Diet, Diet, Diet, Diet, Weight loss, Weight loss, Protein, Fat loss, Fat loss, Weight loss, Slimming, Weight loss

In this article we answer how much protein one needs for successful, long-term weight management!

At our previous article on protein, we have seen that increasing or maintaining the amount of protein helps to maintain a diet, which is reflected in studies showing that maintaining lean mass is crucial to maintaining weight loss.

Time to go deeper and give concrete advice.

Diet, Diet, Diet, Diet, Weight loss, Weight loss, Protein, Fat loss, Fat loss, Weight loss, Slimming, Weight loss


Popular diets aimed at weight loss are often rather extreme in their macronutrient composition, which makes long-term adherence difficult.

This often translates into high wear/breakage rates (e.g. 35-50% of people dropped out of the one-year study on Atkins, Zone, Ornish or Weight Watchers diets), but also by gradually decreasing compliance to the diet over time.

Wear rates are usually much lower for diets with less extreme macronutrient compositions. For example, 21% of subjects dropped out of the DIETFITS test, which lasted 1 year, whose aim was to examine the effects of healthy low-fat or low-carbohydrate diets.

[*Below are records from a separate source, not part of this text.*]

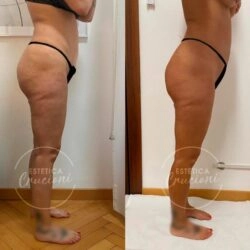 Салон красоты Estetica Cruciani Milano в Милане: Чистка, Лечение, Лимфодренаж, Массаж, Красота,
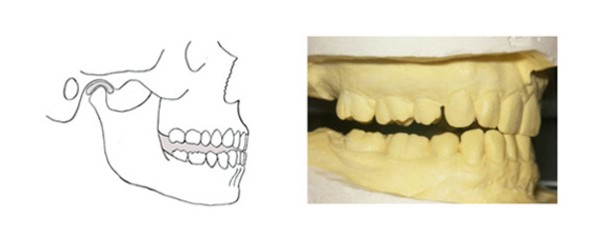 経堂（世田谷区）の歯医者、K.i歯科で、顎関節症の治療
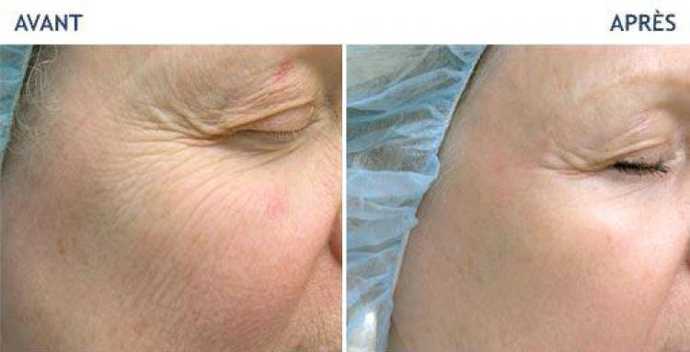 Before and after photos of a laser treatment of the neckline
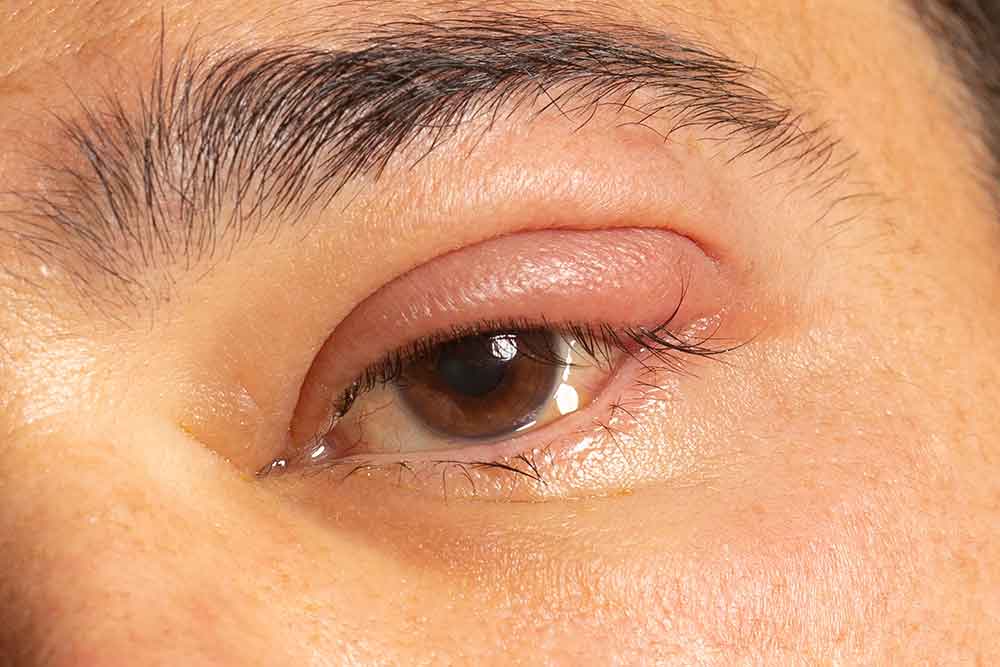 What is Eye Inflammation? What is Good for Eye Inflammation? - Veni ...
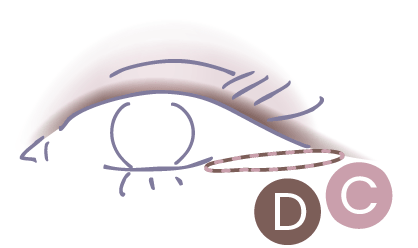 STEP3 CとDを目尻に重ねる図解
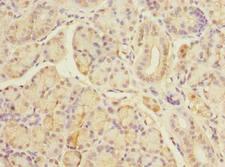 TBC1D19 Antibody - Immunohistochemistry of paraffin-embedded human pancreatic tissue using antibody at dilution of 1:100.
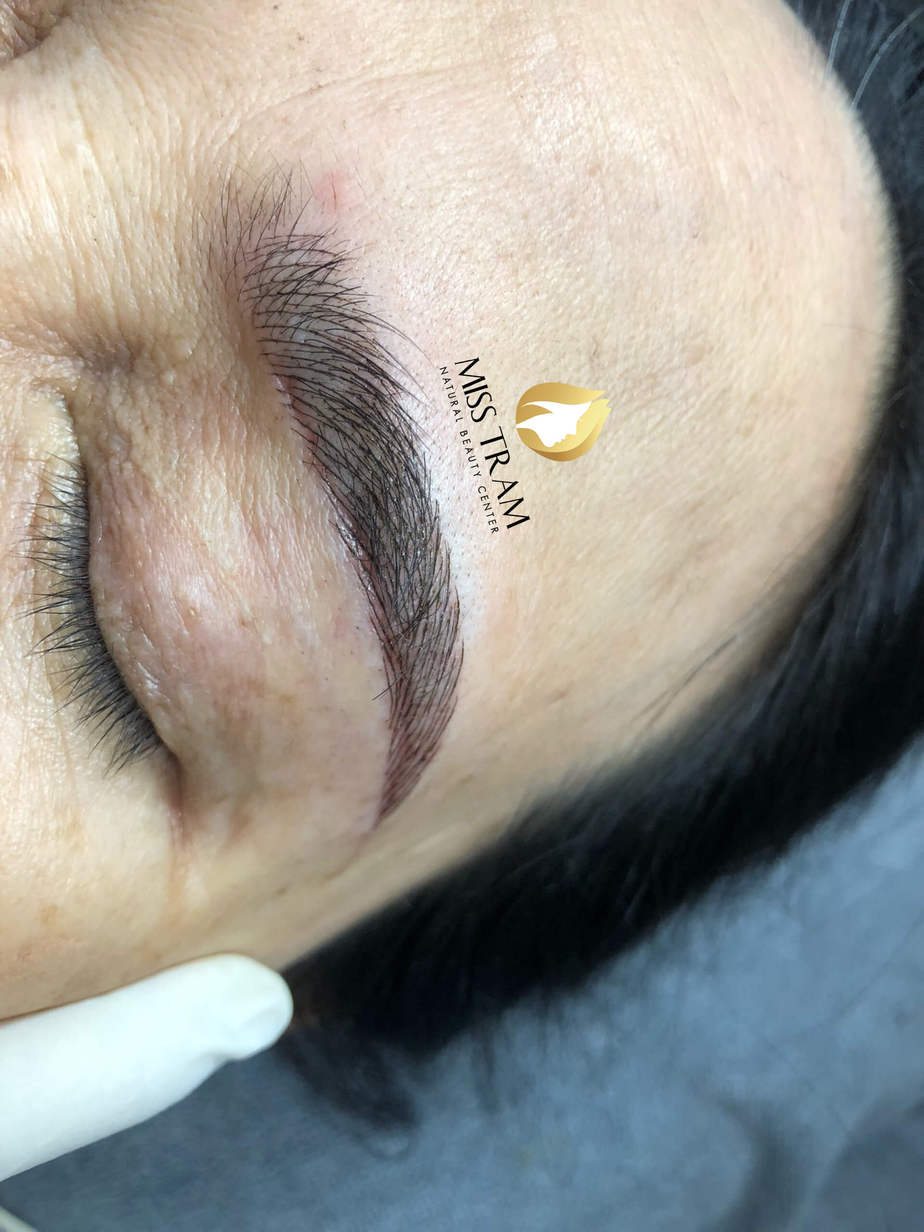 Before And After Eyelid Spraying, 9D Eyebrow Sculpting After Eyebrow Lifting 10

The 16-26% of the participants left the 2 years POUNDS Lost test (diets provided 15-25% of energy as protein, 20-40% as fat and 35-65% as carbohydrate), while 10-22% of subjects gave up two-year DIRECT test (which looked at three diets: a low-fat diet as recommended by the American Heart Association, a Mediterranean diet or a less restrictive low-carbohydrate/high-protein Atkins diet).

To call a spade a spade, the progressive decrease in compliance over time is a common feature of any dietary intervention, no matter how moderate or extreme.

For example, reviewing the research comparing Atkins, Zone, Ornish and Weight Watchers, dietary adherence scores were directly correlated with changes in body weight, and this relationship was almost identical for all four popular diets tested.

More specifically, low to moderate compliance was associated with weight loss, but from moderate compliance and above, body weight decreased in a nearly linear fashion, such that the best compliant subjects lost approximately 7% of body weight after 1 year, compared to an average weight loss of 2-3% for the entire group.

Something similar can be observed in the test POUNDS Lost, where the number of group sessions attended by participants (as an indicator of their compliance with the dietary intervention) was a positive factor in weight loss over the 2-year study period (about 0.2 kg more weight loss for each session) and indeed this relationship was not different between the four diet groups (low or high protein and fat).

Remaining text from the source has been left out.